Think about it for a second. This is real question.
Who are you? How would you describe yourself to me?
“Well my name is…”
“I’m a college student.”
“I’m a clerk at Gamestop.”
“I work at Apple.”
“I teach undergraduate English Lit.”
Think about this. Does what you do describe who you are? Is that how you really think about yourself? As your job?
Do you not see how incredibly sad that is?
How would others describe you? “He’s a geek.” “He’s the weird one.” “He’s the one who’s not good with girls.”
How many of you have passively accepted the labels that other people apply to you? How many have just taken how other people describe you to heart and made it part of who you see yourself as?
I can speak with a certain amount of personal experience when I say that it’s extremely easy to let other people decide who you are. In my group of friends growing up, we had designated roles. The Leader. The Sports Guy. The Funny Guy.
The one who’s not good with girls.
I took that frame and made it part of who I was. For many, many years, I identified myself with what I did and who other people thought I was. It wasn’t until I started to actively define myself that I started to improve. And the first step was rejecting the labels I had allowed others to apply to me and trying to figure out exactly who I was.
This is what a lot of people need to do, in my experience. If you’re the sort of person who’s spent a lifetime letting external influences define you, it’s time to stop, take stock and start determining who you are, and – critically – who you want to be.
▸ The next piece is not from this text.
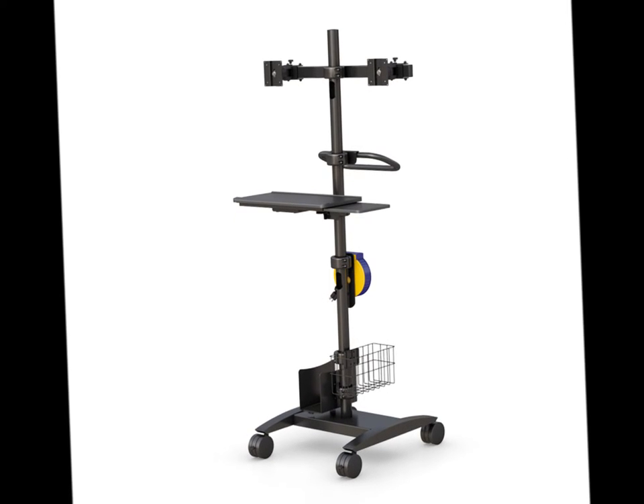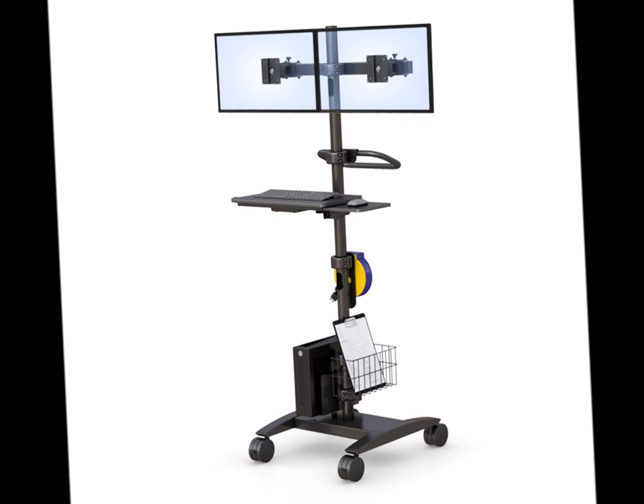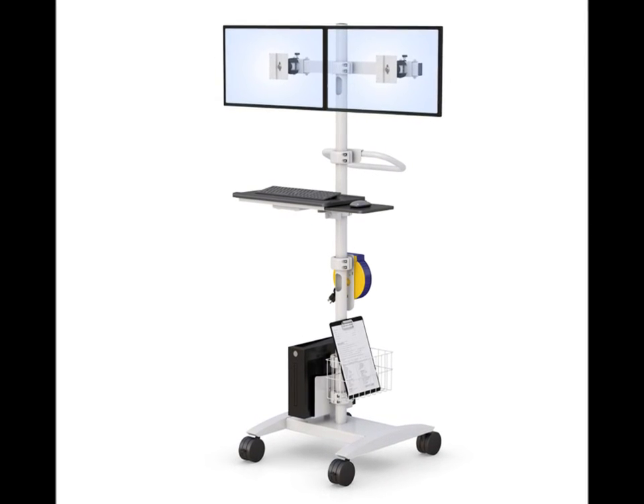This mobile medical pull cart has a mounted dual monitor arm, mounted CPU holder, ergonomic keyboard and mouse tray, wire basket, and a weight balancer that keeps the balance of the pull tray. For more details, click the link in the video description.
This is the tricky part: you have to learn how to be absolutely honest with yourself. Guys, especially young guys, feel a lot of pressure to outwardly conform to their peer-group’s ideal of who a man is supposed to be. When you bow to this, if it isn’t truly who you wish to be, you end up doing psychic damage to yourself as you struggle to define yourself against who you really feel you should be. Be brutally honest with yourself; do you want to be a pick-up artist? Do you want to be a family man, with a wife, two-point-five kids and a dog? Do you want to be a bohemian artist in a loft in Brooklyn, struggling for recognition? Do you want to be a captain of industry, shaping the financial future of thousands if not millions? Do you want to be the man who’s on the bleeding edge of fashion, or do you want to be the man with his own style – a collection of clothes that would look weird on anyone else but somehow you just make it work?
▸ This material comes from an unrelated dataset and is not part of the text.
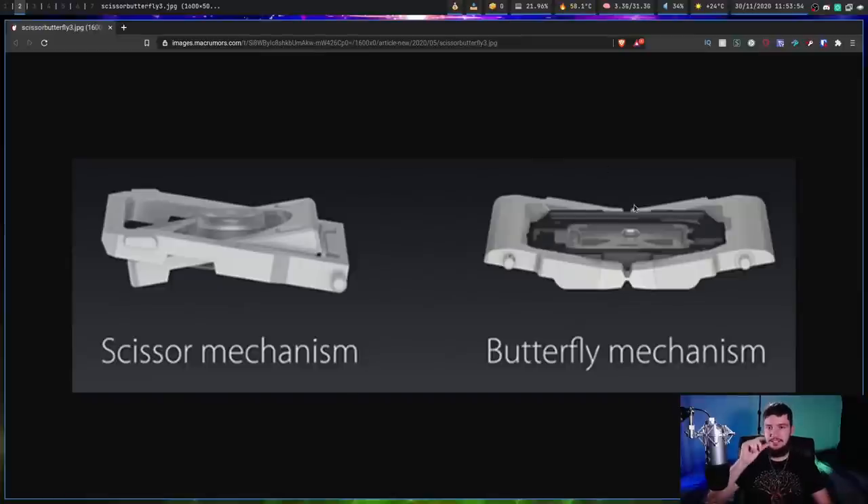Apple made butterfly switches, which are these very, very tiny things where if you get a speck of dust in them, they break. They do basically function in a similar way — they have this bendy mechanism and a membrane in the middle — but butterfly switches feel like you're tapping against a touchscreen, really. Scissor switches are what you see on most other laptops.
Do you want to be Wash from Firefly? Or would you rather be Mal? Do you want to be Hal Jordan or Ollie Queen? These are all valid and correct choices… as long as it’s honestly you.
OK, bear with me here. This is going to sound new-age-y hippy-drippy crap but hear me out. I’m going somewhere with this.
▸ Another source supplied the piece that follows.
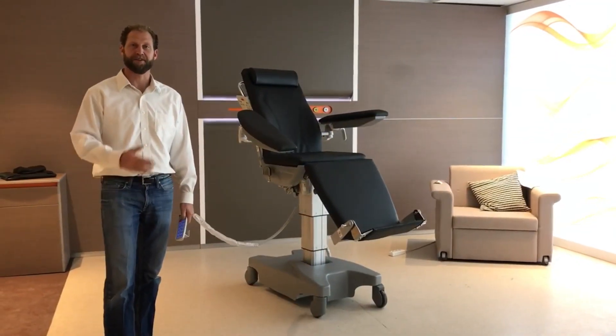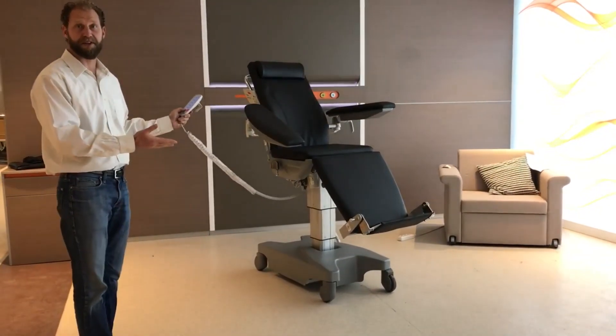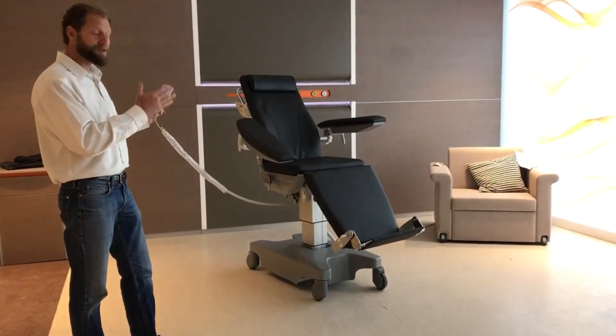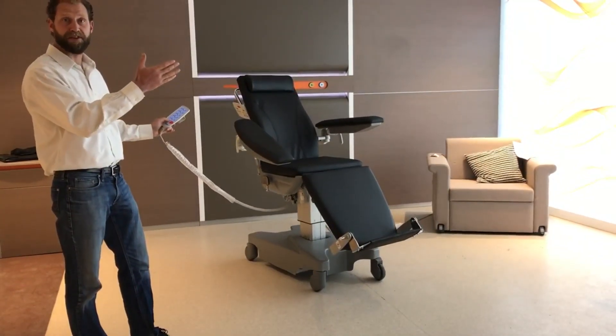Hello, this is Jonathan Powell with H&T Medical here to show you the 2017 6000 series dialysis chair. A couple key features: 700 pound weight capacity, UL certified, goes from 19 inch low entry height to 39.5 inches.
While you’re seeking out who you are and who you want to be, start developing your avatar. Your icon, if you will. The ultimate ideal of who it is you want to be. Base it off a real person, if you can… your celebrity spirit-animal if you will. Don’t just automatically decide to base yourself off Ben Affleck or Brad Pitt; make sure it’s someone who models what you really do, deep down, wish you were like. If you decide it’s David Duchoveny, figure out exactly what it is about him that you want to learn and emulate. Don’t just mindlessly become your avatar; learn from the people who most represent what you want to become and learn to adapt it to who you are.
You’ll be surprised at how difficult it can be, especially when you’re starting to change from your previously defined roles. There will be a lot of people who won’t initially accept that you’re not who you used to be, and they’ll pressure you to fall back into the old roles, the old identity. This isn’t necessarily out of maliciousness; change can be disturbing, especially when someone starts to grow out of who they had been for years. Don’t give in.
Figure out who you are. Then you’re not just “being yourself”. You’re being your best self.
A little something for you to think about as we go into the weekend.